Article Médiapart (payant) sur le sujet, je cite quelques passages :
"Festival de Besançon : 1. Centre dramatique national d’Aubervilliers : 4. Musée des Beaux-Arts de Quimper : 0. Théâtre du Maillon de Strasbourg : 12. Ces chiffres correspondent au nombre de jeunes qui sont allés dans ces structures culturelles grâce au pass Culture"

"À mi-mandat, le bilan du pass, qui est expérimenté depuis février dans 14 départements, est en effet un échec cuisant. Lors de la venue d’Emmanuel Macron à Ornans, en juin dernier, pour vanter la mise en place de sa promesse électorale, l’équipe du pass a dû trouver, la veille, des jeunes pour les former en quelques heures au maniement de l’application.
Devant le Conseil national des professions du spectacle, le 23 octobre, Damien Cuier, président de la SAS – société par actions simplifiée – Pass Culture (appartenant à 70 % à l’État et à 30 % à la Caisse des dépôts et consignations), a donné aux représentants du secteur les premières tendances. Elles sont alarmantes : seuls 25 000 jeunes sont inscrits, et ils ont en moyenne dépensé 100 euros sur les 500…
Ces chiffres n’étonnent aucun acteur du secteur : « Le pass, c’est une vision purement consumériste de la culture. Ce n’est pas en donnant de l’argent que les jeunes vont aller à la culture : l’envie de faire des sorties culturelles, ça ne se décrète pas, affirme François Aymé, président de l’Association française des cinémas d’art et essai, qui réunit 1 200 salles en France. La gravité du pass, c’est que ça ne fait qu’amplifier les pratiques culturelles existantes. Celui qui va toujours voir le même type de films le fera encore plus. » "

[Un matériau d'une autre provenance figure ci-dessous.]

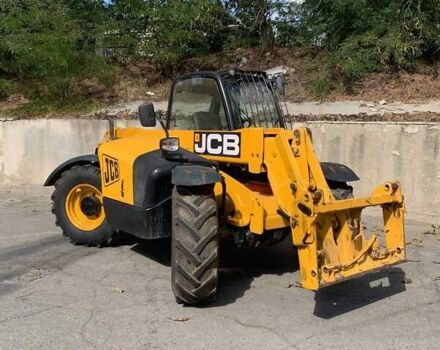 ЖЦБ 531-70, объемом двигателя 0 л и пробегом 0 тыс. км за 37000 $, фото 4 на Automoto.ua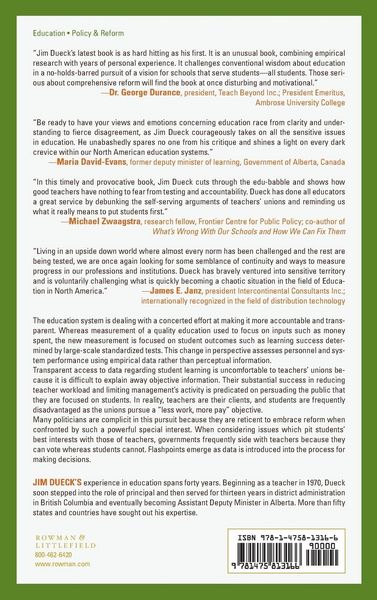 Produktbild: Education's Flashpoints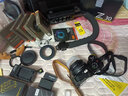 尼康（Nikon）Z30入门级微单相机Vlog家用自拍4K高清旅游高清数码照相机z30拆单机 Z30机身+16-50mm VR新手入门套装 进阶专业套餐四【升级256G卡+原装电池+原装充电 实拍图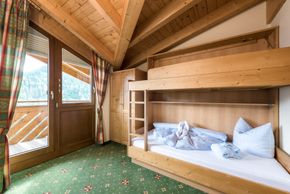 Detaillierte Infos zur Unterkunft Familienhotel Adler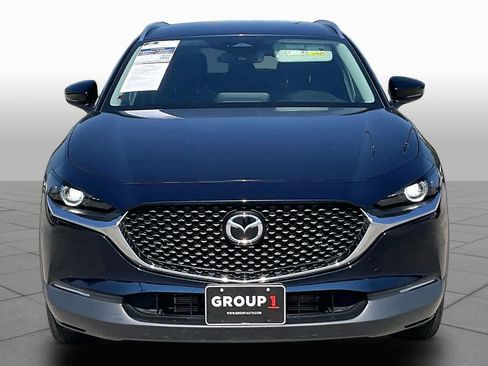 Used 2024 MAZDA CX-30 AWD 2.5 S w/ Select Sport Pkg image 4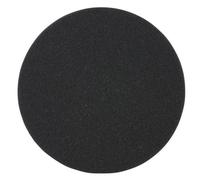 Velcro Sponge Noir 150mm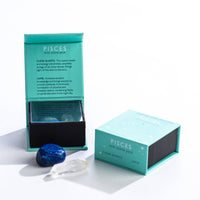Zodiac Collection: Mini Crystal Pack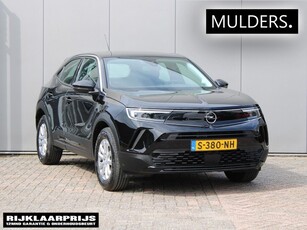 Opel Mokka 1.2 Level 2 Navi / Airco / Cruise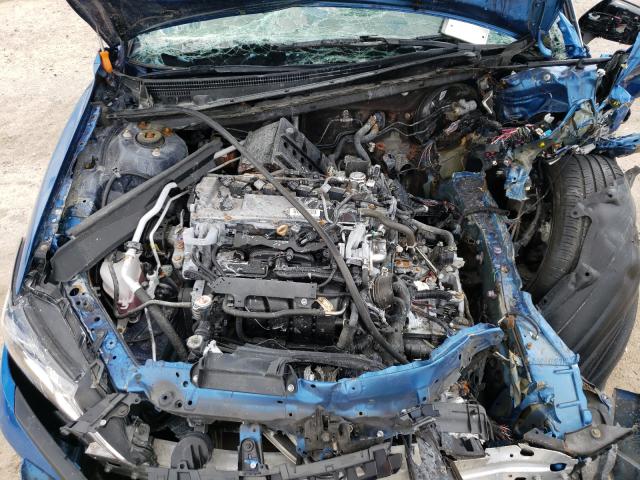 Photo 6 VIN: 4T1B11HK2JU133043 - TOYOTA CAMRY L 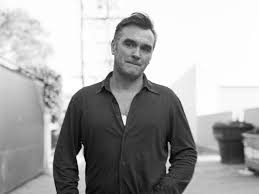 Morrissey cancels another show due to 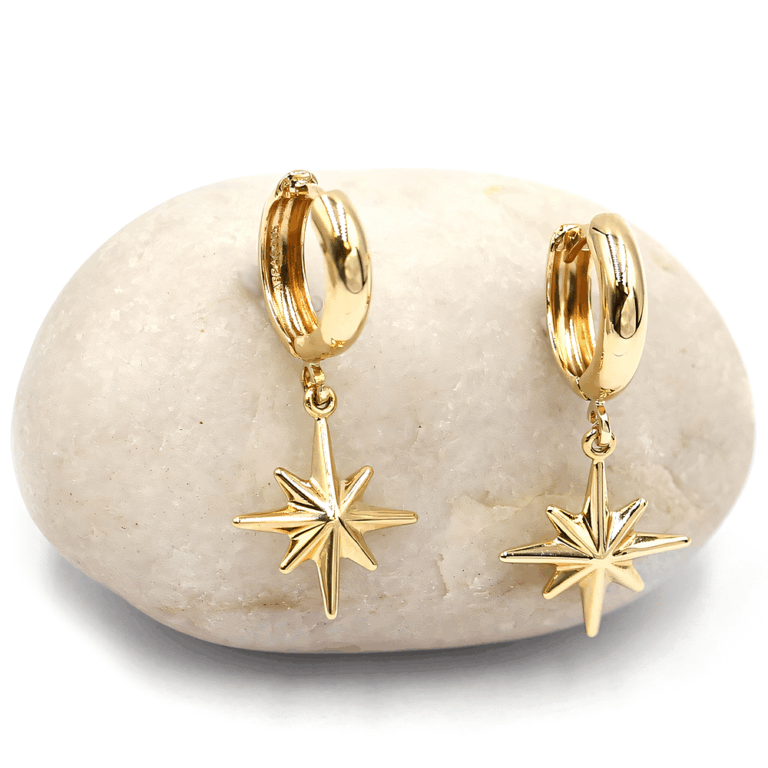 Küpe Bakımı Nasıl Yapılır? Uzun Ömürlü ve Parlak Küpeler İçin İpuçları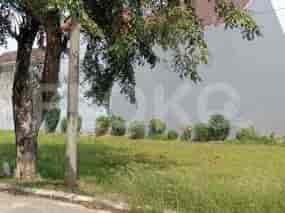 Dijual Tanah Luas 154 m2 di Jl Komplek Imperal Gading, Kelapa Gading - TNSf5e 2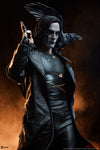The Crow Premium Format Figure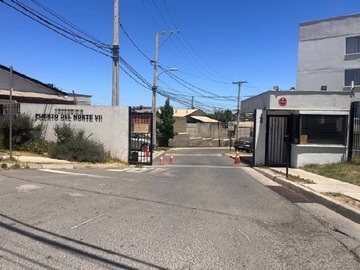 Venta / Departamento / Quilpué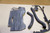 Various radiator parts - Διαφορα ανταλλακτικα KLR 650 TENGAI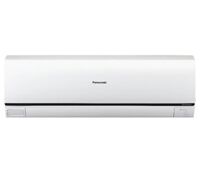 Điều hòa Panasonic 13000 BTU 1 chiều BTUC12PKH-8 gas R22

Encore de l'argent public mal géré donc :
"Sans compter que le pass vient en doublon de dispositifs déjà existants : « Nous avons reçu une quarantaine de jeunes par le pass Culture, alors qu’avec le pass Campus de l’université, nous avons eu 4 500 places réservées », explique Chrystèle Guillembert, directrice des relations avec le public du Théâtre national de Strasbourg.
Au total, à la fin de l’été, on compte seulement un million d’euros de dépenses culturelles des jeunes liées au pass. Pourtant, dans le budget 2019, le coût du pass est de 34 millions d’euros. Comment justifier un tel fossé entre les dépenses et le coût de fonctionnement, au-delà de l’investissement technologique ?"

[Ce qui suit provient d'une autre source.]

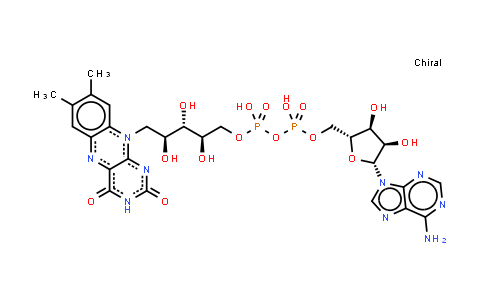 MC524703 | 146-14-5 | Flavin Adenine Dinucleotide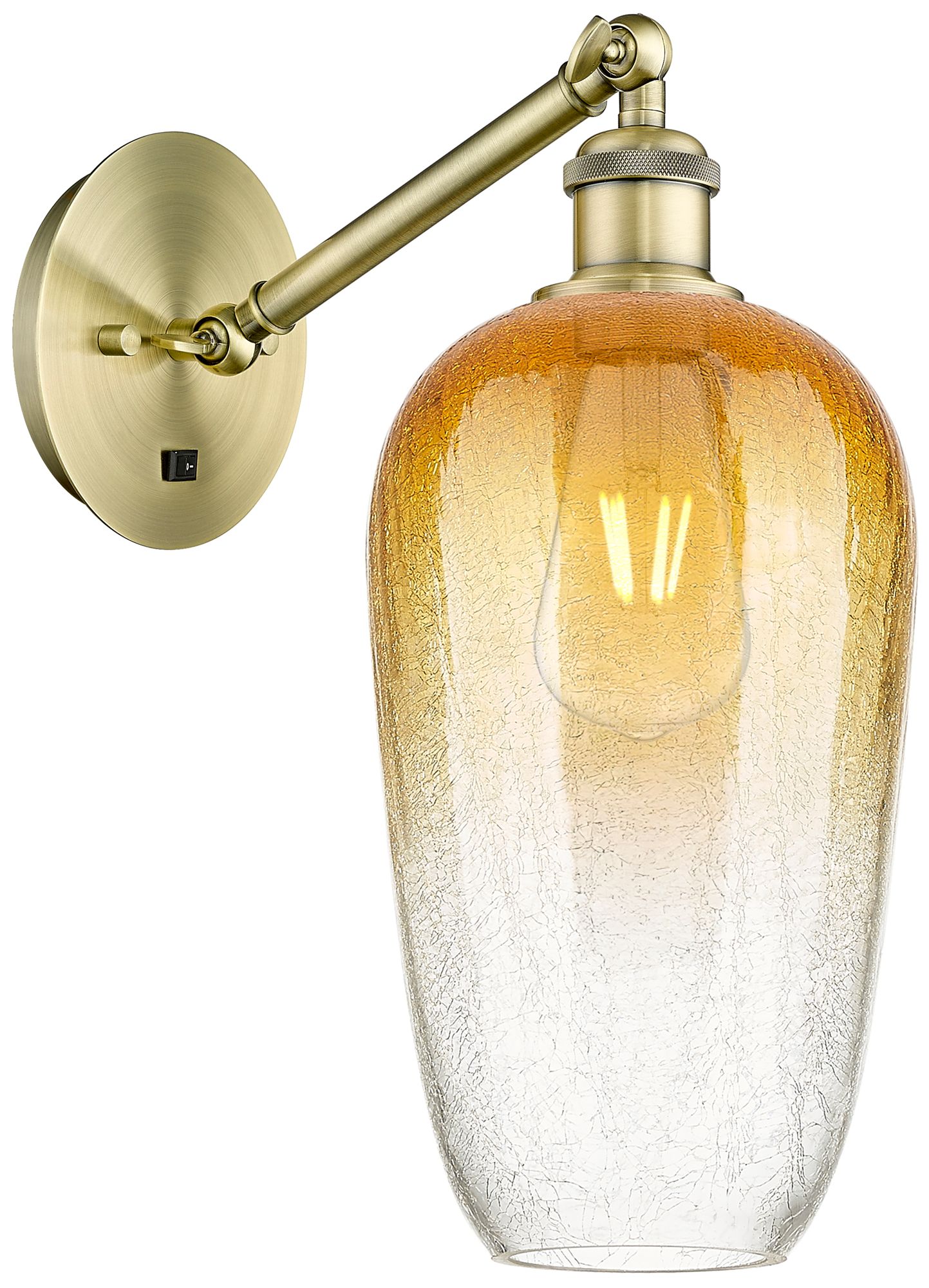 Ballston Brookhaven Flute 15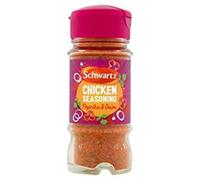 Schwartz Assaisonnement poulet 56 g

"Il n’empêche : officiellement, le projet doit avancer et poursuivre son expérimentation sur de nouveaux territoires. La nouvelle équipe du pass, mise en place cet été, est prête. À l’origine, le plan était de confier la présidence de la SAS à Éric Garandeau, mais la Haute Autorité pour la transparence de la vie publique a statué contre. Cette dernière estimait impossible que le même Éric Garandeau puisse juger le travail accompli ces derniers mois par son équipe de consulting… En lot de consolation lui a été confié le poste de conseiller du président de la SAS, aux côtés de Damien Cuier.

"Le choix des territoires où s’expérimente le dispositif repose ainsi sur des soubassements politiques. À quelques mois des élections municipales, le pass est devenu un outil de séduction des maires de droite pour leur faire rejoindre LREM. Franck Riester, issu du parti de centre-droit Agir, a été installé rue de Valois en partie à cette fin. C’est ainsi que le pass vient d’être lancé dans les Ardennes, où le maire de Charleville-Mézières, Boris Ravignon (LR), devrait se présenter sous étiquette LREM. À Nevers (Nièvre), l’installation du pass est venue récompenser le maire sortant Denis Thuriot, investi en juin par LREM."